At trial, plaintiff introduced a promissory note handwritten by defendant, signed by defendant, and payable to plaintiff in the amount of $27,406.61, a portion of the amount defendant admitted to owing plaintiff during the November tape-recorded conversation. That note is dated November 8, 1998, the same date of the parties' tape-recorded meeting.
Plaintiff testified that, after their November meeting, defendant became very angry and hostile towards him, to the extent that plaintiff filed police reports reporting defendant's threats. Plaintiff testified that he continued working at the Daily Mart because he thought it was the only way to protect his investment. However, on November 27, 1998, defendant changed the locks on the store. According to defendant, he locked plaintiff out because plaintiff had stopped ordering inventory, and had kept all of the receipts for sales made from November 1 to November 27, 1998.

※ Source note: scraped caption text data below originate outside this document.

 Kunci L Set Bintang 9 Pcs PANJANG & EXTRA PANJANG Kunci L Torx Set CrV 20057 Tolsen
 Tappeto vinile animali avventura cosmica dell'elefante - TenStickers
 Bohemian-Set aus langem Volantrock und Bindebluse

In his first assignment of error, defendant claims that the jury's verdict stands against the manifest weight of the evidence. Judgments or verdicts supported by "some competent, credible evidence going to all the essential elements of the case will not be reversed by a reviewing court as being against the manifest weight of the evidence." C.E. Morris Co. v. Foley Construction Co. (1978), 54 Ohio St.2d 279, 280, citing Chicago Ornamental Iron Co. v. Rook (1915), 93 Ohio St. 152; and Portage Markets Co. v. George (1924), 111 Ohio St. 775.

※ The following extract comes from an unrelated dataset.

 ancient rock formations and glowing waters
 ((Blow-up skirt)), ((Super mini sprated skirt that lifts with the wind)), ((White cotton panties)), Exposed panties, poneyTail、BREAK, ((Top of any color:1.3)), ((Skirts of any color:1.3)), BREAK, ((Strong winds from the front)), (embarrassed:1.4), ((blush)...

Although defendant competently points out the evidence and testimony supporting his claims, our review of the record reveals at least an equal quantity, as well as quality, of evidence supporting the claims of plaintiff. As noted, both parties claimed that the other had lied about their business relationship. During a trial which lasted two weeks, both sides presented abundant testimony and evidence to the jury. The record discloses that the jury had competent evidence before it on which to base its verdict. Briefly, plaintiff presented his testimony concerning the purchase; presented a signed and notarized stock certificate, a promissory note and cancelled checks; presented evidence that defendant had added plaintiff to defendant's business checking account; and presented an audiotape and translation. Standing alone, this is "some competent, credible evidence going to all the essential elements of the case." The trial court correctly concluded that the evidence presented was legally sufficient to warrant submission of the case to the jury.

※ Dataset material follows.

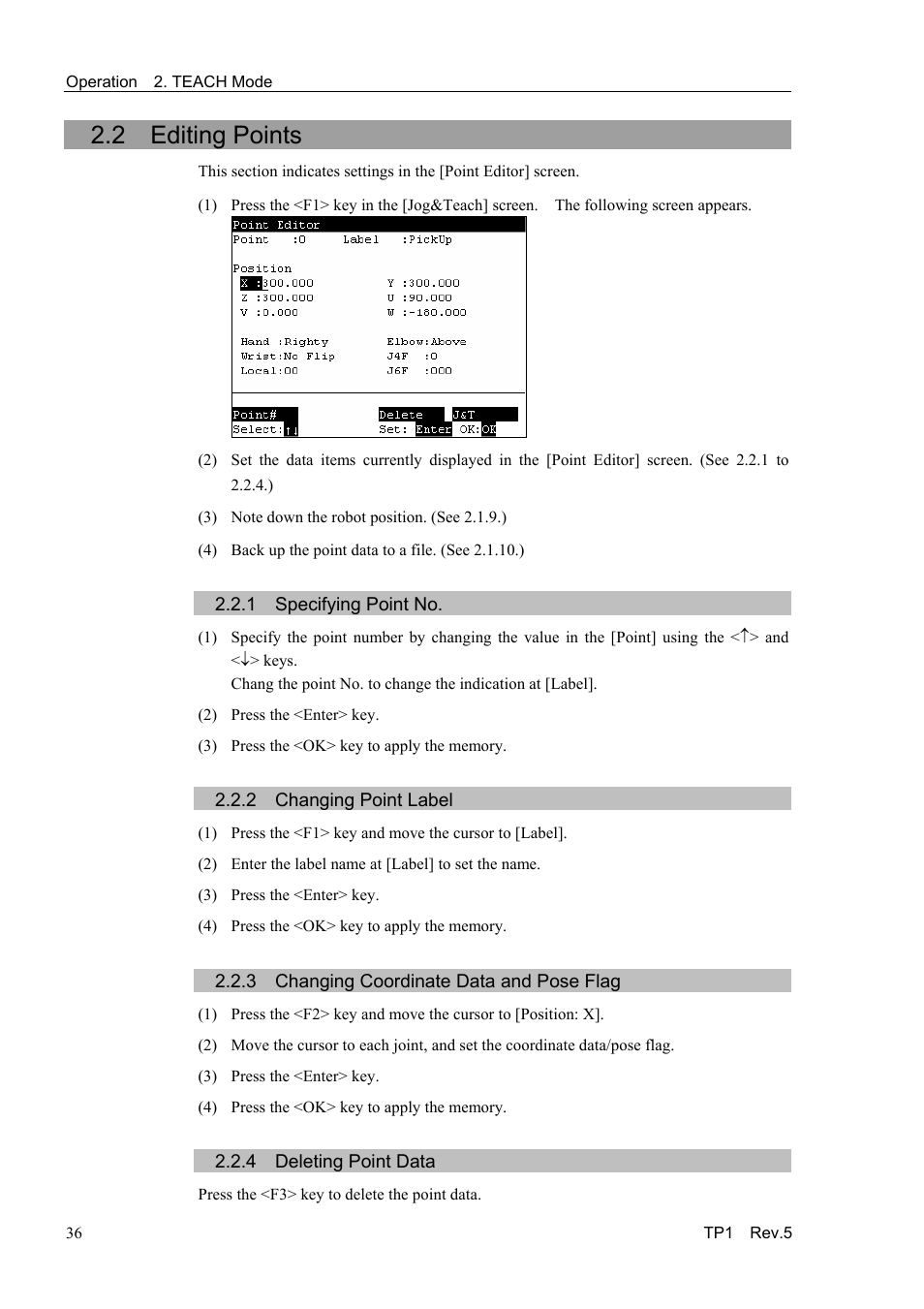 2 editing points, 1 specifying point no, 2 changing point label | 3 changing coordinate data and pose flag, 4 deleting point data | Epson TP1 User Manual | Page 46 / 112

Analogizing to the standard applied in criminal cases, a reversal of a judgment as being against the manifest weight of the evidence is an act reserved for only the most "exceptional case," where the evidence weighs heavily against the judgment. State v. Thompkins (1997),78 Ohio St.3d 380. In this, as in any other case, it was for the trier of fact to judge the credibility of the witnesses and evidence and to give appropriate weight to each. State v. DeHass (1967), 10 Ohio St.2d 230. Having carefully and closely reviewed the entire record, and having independently weighed the evidence and judged the credibility of the witnesses, we are unconvinced that the jury clearly lost its way.
The court correctly overruled defendant's motion for a directed verdict as that verdict was supported by sufficient evidence and does not stand against the manifest weight of the evidence. Sanek v. Duracoate Corp. (1989), 43 Ohio St.3d 169. Accord-ingly, defendant's first assignment of error is overruled.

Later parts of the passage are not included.